Rettland Farm

Rettland Farm

Sunday, November 28, 2010

Food as a Priority

Recently, I had a pretty nice article in our local newspaper, about our harvest of Thanksgiving turkeys, and some unique opportunities it offered to us and to the buyers of those turkeys.

The article was published on the papers webpage, and most of the comments posted about the article were extremely positive, and supportive of me and what I try to do for a living. There was, however, one naysayer who thought that the price that I charged for the turkeys was a little high, to put it lightly.
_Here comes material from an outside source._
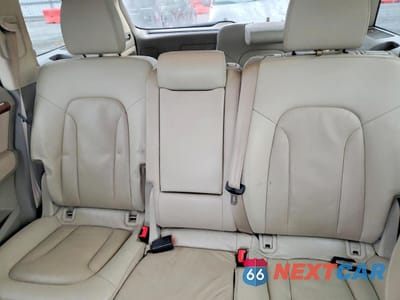 Zdjęcie 10 z 13 samochodu: 2015 AUDI Q7 TDI PRESTIGE VIN:WA1VMAFE2FD016585 - miniatura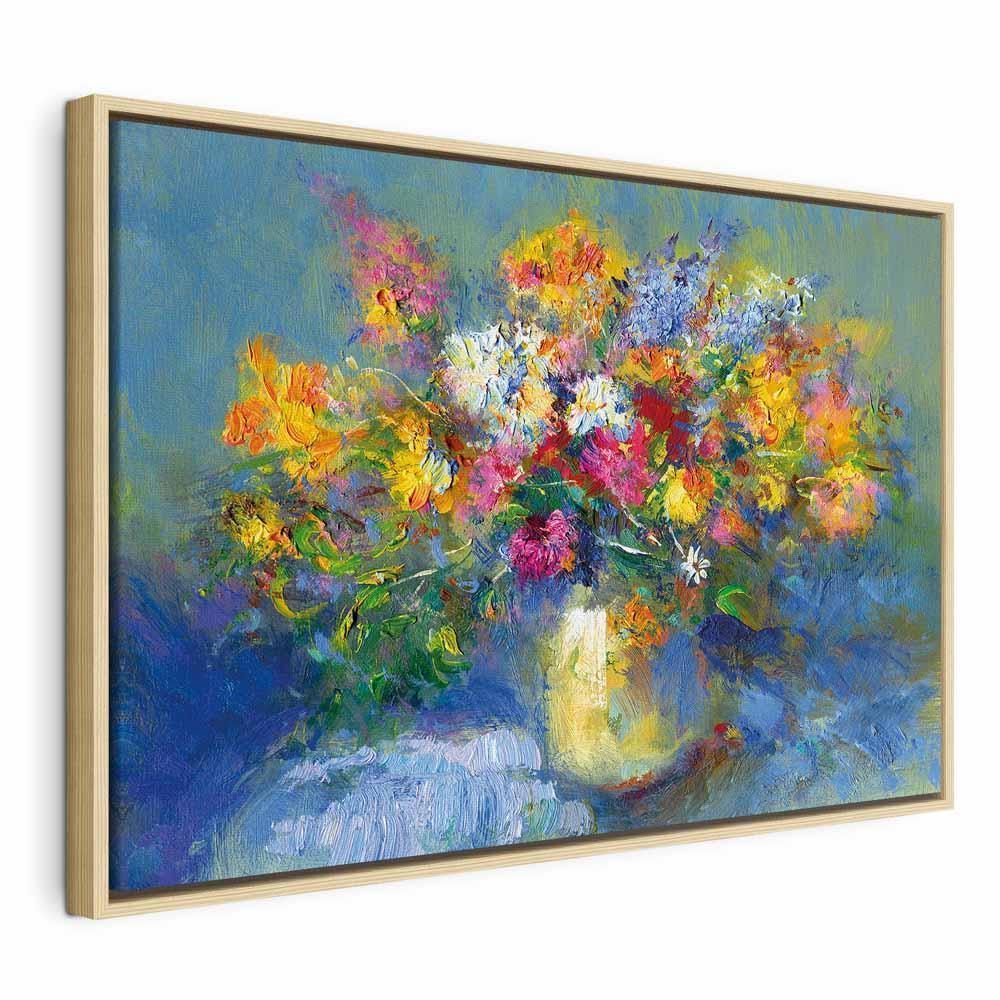 Leinwandbild - Autumn Bouquet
Let me say this right now: I don't give a damn about this guy, or his opinion of me. I live by Abe Lincoln's admonition about not being able to please all the people all the time, and that philosophy serves me well. In my mind, if I produce food that only one person in this whole wide world appreciates, then my life and my life's work has purpose. Period. I'm not running for Homecoming King, and popularity has never appeared on any list of my goals. Ever.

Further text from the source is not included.